Wednesday, May 20, 2015

Siberian Elm

We ended up with a half inch of soaking rain yesterday. It refreshed things after the long dry, but we need more. It was so welcome, though.

For years I have been finding wild saplings of a tree growing on the back hill in suckering thickets. I try to cut it back so I can encourage the maples and sweetgums and tupelos and oaks I have planted to grow unimpeded, but it is a really tough thing to eliminate.

It can't be dug up no matter how hard I try, and the bendy young stems are tough to cut through with even the sharpest pruners.

I kept wondering what it was. I have never been able to get rid of it. It's everywhere.

Then it started to appear along the edge of the meadow, right where Jim stops mowing and the wild takes over. I've been leaving the young trees, thinking it will be nice to have volunteer saplings there, growing into eventual shade trees at the edge of the lawn.

But what the heck kind of tree are they? The leaves look like elms, or maybe beeches.

I was getting a little uneasy because they're growing in earth that was disturbed when the house was built, they are tenaciously rooted, fast growing, and suckering. And they seem to be everywhere. Their best friends on the hill seem to be Oriental bittersweet, multiflora rose and poison ivy.

I finally decided to do some research before letting them grow any more at the edge of our yard. Pictures / descriptions confirmed this is Siberian elm, Ulmus pumila. The uneven base of the leaf, the way the toothed margins point forward, the leaf shape and the flat green color were matches for Siberian elm.

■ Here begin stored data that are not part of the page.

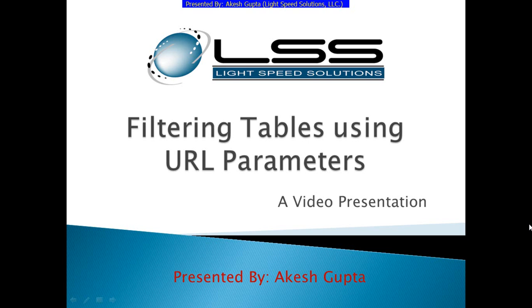Good morning, everyone. My name is Akesh Gupta and I'm with Lightspeed Solutions. Today in this presentation, I will share with you how to filter table data using URL parameters.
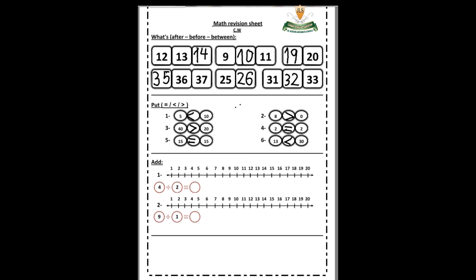Question number three: addition. Number one: four plus two equals what? What is the bigger number? Four. We make a circle on the number line and jump — one, two. So four plus two equals six. Very good! We write six. Number two: nine plus one equals what? The bigger number is nine. We circle it on the number line and jump one. So nine plus one equals ten. Excellent! Thank you KG, very good!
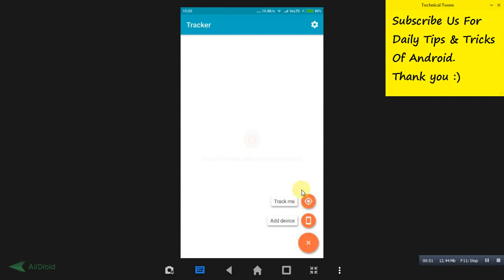Use any one of the devices and click on this track me button. It will be asking you for permission, grant the permission, and it will be showing you a pairing code.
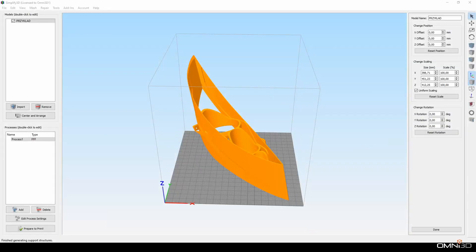Hi, my name is Krzysztof Kardach. I work at Omni3D. I have been using Simplify3D professionally for several years.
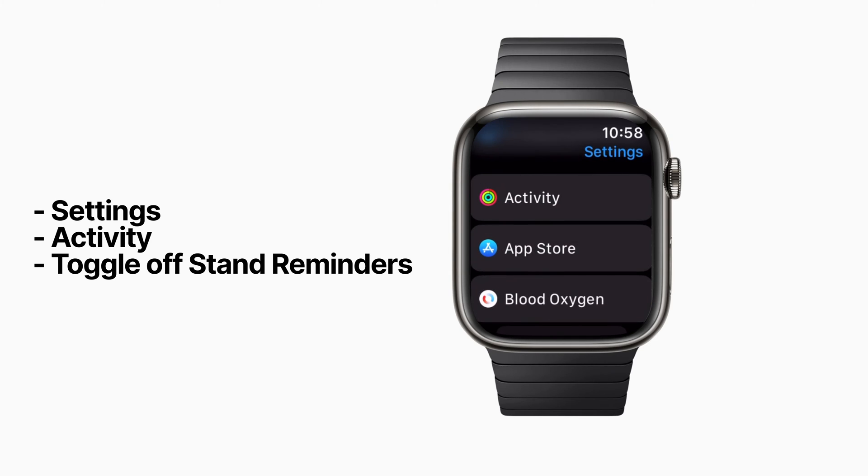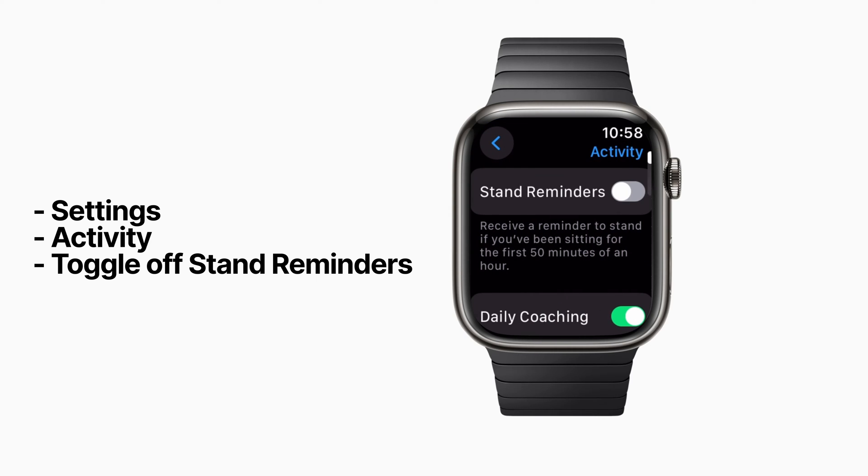To turn off these reminders, go to your watch settings and under Activity, toggle off Stand Reminders.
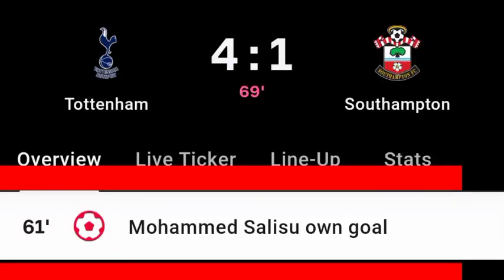Friends, on screen you can see Muhammad Salisu's own goal against Tottenham, unfortunately for Southampton. Tottenham is 4 and Southampton is 1.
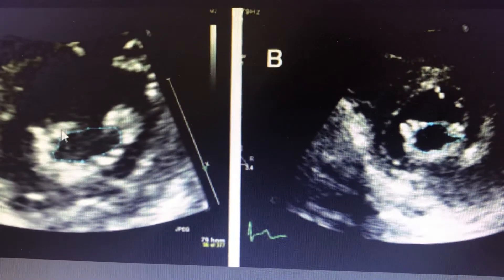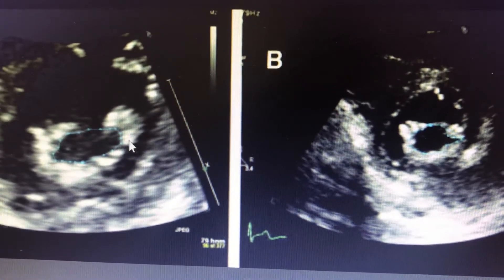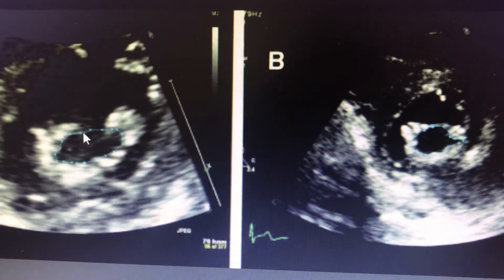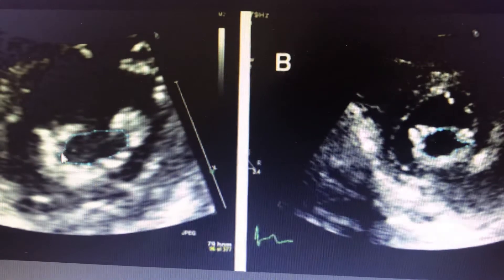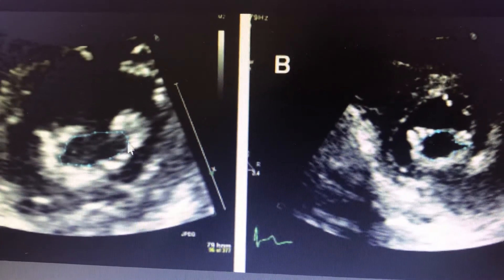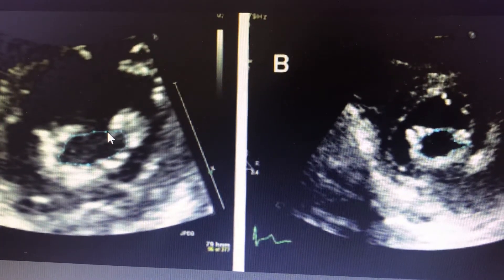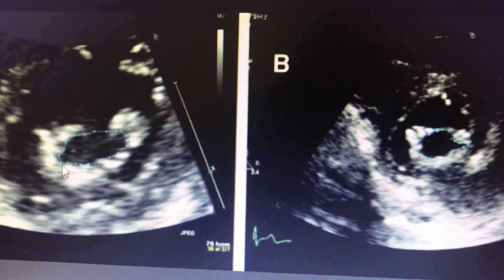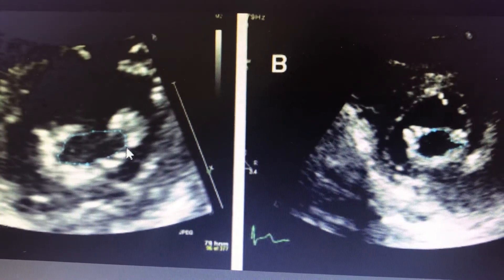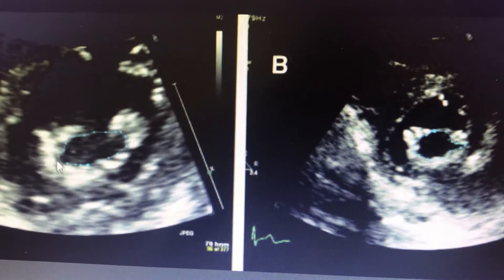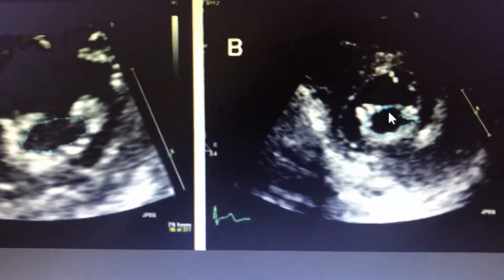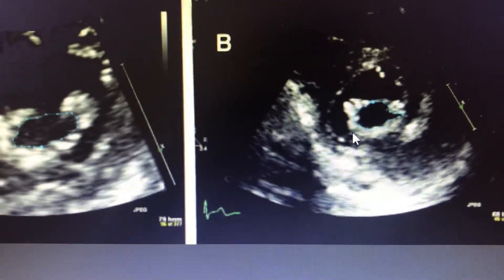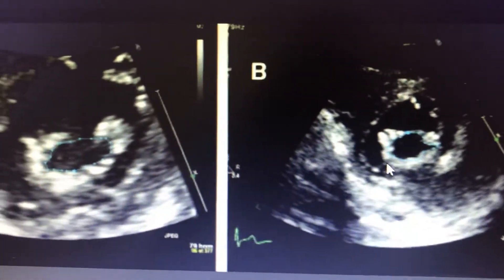This is the planimetric measurement of the area of mitral stenosis. In diastole, you measure the planimetric area — you put lines to cover the opening, and it will give you the mitral valve area. This is the measurement of the planimetric.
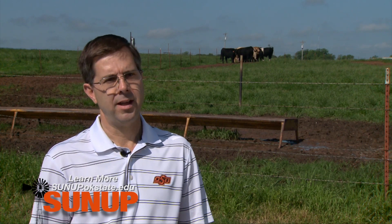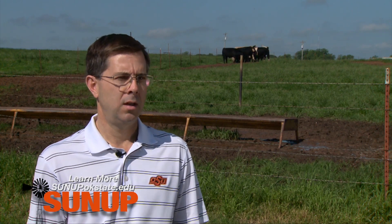Secondly, anything that's sharp or pointy, anything that could scratch or puncture the hoof — particularly that inner digital skin area between the toes — you want to try to minimize.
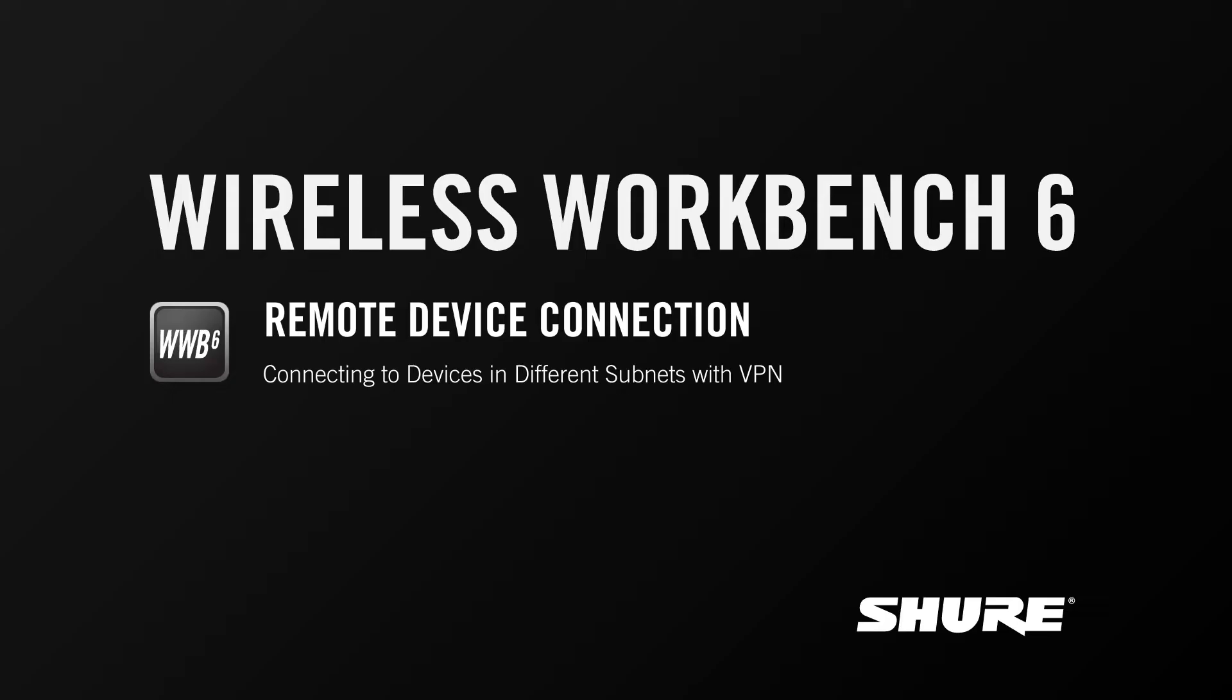Hey, this is Sam from Shure. In this video tutorial, I'll cover the basics of connecting to network devices in different subnets with Wireless Workbench 6.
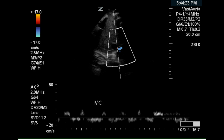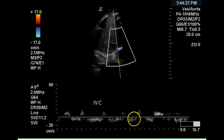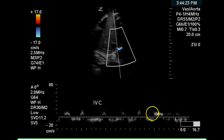The inferior vena cava also has a mild atrial kick, and here it appears to be phasic with some inhalation by the patient. This is normal for the vena cava.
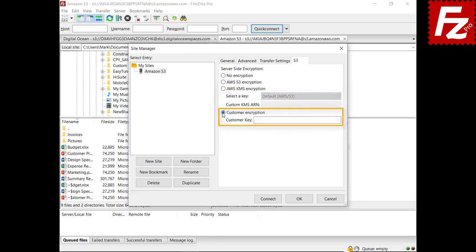It is also possible to set your own encryption key — use this option when you want to manage the key yourself. The custom key is used to encrypt when uploading and decrypt when downloading. Keep in mind that if you lose or forget the encryption key, you will not be able to recover your files. In this video you learned how to use Amazon S3 Server-Side Encryption with FileZilla Pro.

It's an Asian elm, on Connecticut's invasive threat list. It's aggressive, it grows in poor soils and it is an unattractive and disease prone tree. It should not be planted. Of course it moved into the disturbed earth of the hill and the meadow around our house.

MoBot says:
Siberian elm is not recommended for landscape use today because of its weak, easily damaged limbs and branches, its susceptibility to numerous insect and disease pests, and its general lack of ornamental interest. It could be effectively grown in poor soils, as a windbreak, or along slopes for erosion control where ornamental features are not an issue.

I'll never be able to get rid of it on the hill where thickets keep forming below the maples and other trees. But I'm going to take down those saplings in the meadow right now and paint the cut stems with Brush B Gone so they don't sucker.